When Princeton Satellite Systems put on a little demo of its solar-powered EV charging station recently in New Jersey, word got around.
Ted Bohn, principal electrical engineer at the Advanced Powertrain Research Facility at the Argonne National Laboratory, heard about the SunStation. He quickly passed on word to Rob Lundahl, an executive at Advanced Technology and Research, a Maryland company that makes and sells a grid-tied solar-powered EV charging station (two of which are installed and operating).
What piqued Bohn’s and Lundahl’s interest was that Princeton Satellite was doing an EV charging station untied to the grid. This would be, the Plainsboro, N.J., company said, the “first 100 percent green charging station for electric vehicles.” It would rely entirely on a fixed-tilt, 1.6-kilowatt photovoltaic array to charge a battery pack with a capacity of 12 kilowatt-hours, making it possible to “charge EVs 24 hours a day.”
A few media outlets picked up the story, but there was a lingering unasked — and unanswered — question: Would something like this really work?
Not very well, it turns out.
“Here’s the thing: Without a grid connection, unless you have a very big array with lots of battery storage, you’ll be quite limited in how much vehicle charging you can accomplish,” ATR’s Lundahl told me when I spoke to him on the phone. “There’s just some basic math here.”
The math is that a 1.6 kW fixed-tilt array in, say, Princeton Satellite’s hometown of Plainsboro, N.J., will produce an average of 6 kilowatt-hours of power a day in May, the most productive month for that location. In December, solar power production would average around 3.5 kWh, according to the National Renewable Energy Laboratory’s PV Watts calculator.

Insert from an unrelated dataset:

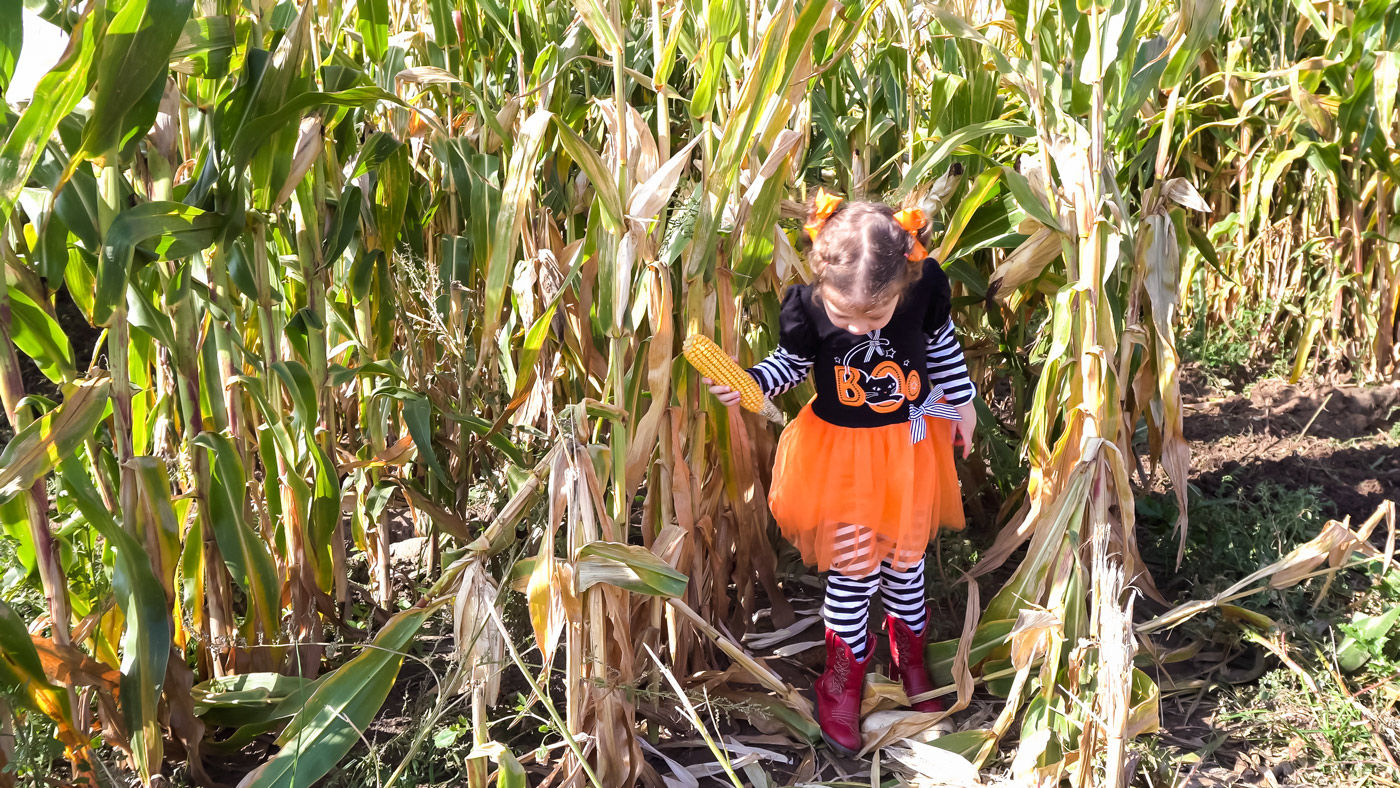 Our Saskatoon hotel offers a list of some of the best corn mazes and Halloween events for kids and adults alike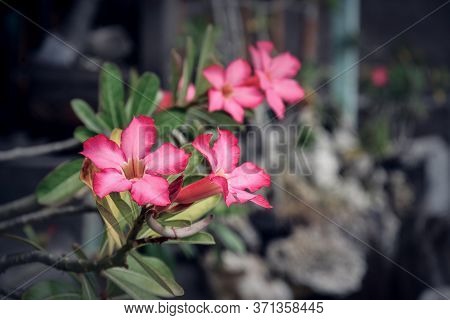 Beautiful Pink Adenium Flowers On Blur Green Leaves Background Closeup. Adenium Obesum Is Grown As A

So in May, it would generally take around two days, assuming there was no discharging, to bring the SunStation battery pack up to its 12 kWh capacity. And in January, it would take nearly four days.
Meanwhile, a Chevy Volt has a 16 kWh battery and a Nissan Leaf a 24 kWh battery.
So boosting a Nissan Leaf from a 25 percent charge state to 75 percent charge state – around 12 kWh of power, which would take around 3.5 hours to deliver on a level 2 dock — would deplete the SunStation battery. And then what if night falls, or the clouds move in? Solar power production ceases. Or what if someone pulls up in a Mitsubishi i, needing a charge?
Twenty-four hour EV charging?
“Clearly there would be limits to how much charging could be done,” Eloisa de Castro, Princeton Satellite Systems’ chief mechanical engineer, told me. “That’s always going to be the case. But we think for someone parking while shopping, or for a company that wants to make a statement about its green values, a system like this could a great thing.”
De Castro also mentioned the SunStation’s 3.2-kilowatt array, which would be able to charge two cars at once, would be a more substantial energy producer. But that still seems to be an extremely small amount of power – certainly it wouldn’t be possible for users to count on their being power available when they pull in for a charge.
Lundahl said that over at ATR, they’re pretty happy – and their customers are, too – with their grid-tied solar charging stations.
“With the pole design we have a small footprint, and using tracking maximizes power production,” he said. “What we’re seeing is, people are drawn to these charging stations. They like to see the solar. So it’s a great marketing tool, but that’s not all it is. It produces real power that makes a contribution to the grid and has value. And, of course, no matter what the weather conditions or day or night, it can meet a driver’s charging needs.”
The company said it has a third system about to go in, and has bids out to other potential buyers. An ATR charging station costs $15,000 for all the gear except the level 2 charger. That component starts at around $1,500. The highly variable cost of installation goes on top of all that.
ATR had been hoping to strike a deal with General Motors to get its setup at Chevy Volt dealerships, but GM ended up making an equity investment in Sunlogics, since renamed ViSole Energy, for solar-powered EV charging stations. Visole’s “Green Zone” systems are big canopy structures; the company says a “a 4 or 8 space solar canopy on average generates 32,000 kWh per year … enough electricity to charge the Chevrolet Volt 4,500 times a year, which is equivalent to 12 cars receiving a full charge a day.”
Lundahl said one issue with the big canopy structure is that it can be difficult to fit on a lot while also making sure it’s properly oriented to capture sunlight.
As for what he thought it would take to do a true, reliable solar-only integrated charger, Lundahl said such a system would need the ability to produce around 15-20 kWh per day on average, which would require at least a 5-kW array in most places. Then you’d need at least 100 kWh of battery storage, which would take up a lot of space, not to mention be very expensive.
Princeton Satellite Systems told me the smaller SunStation would sell for $35,000 and the larger one $55,000.
Bohn, from the Argonne Lab, said he couldn’t take a formal position on the SunStation, but did offer this thought: “On a cost benefit perspective, the Princeton Satellite solar powered charging station has a very long return on investment for delivered energy/convenience when compared to more traditional energy delivery methods.”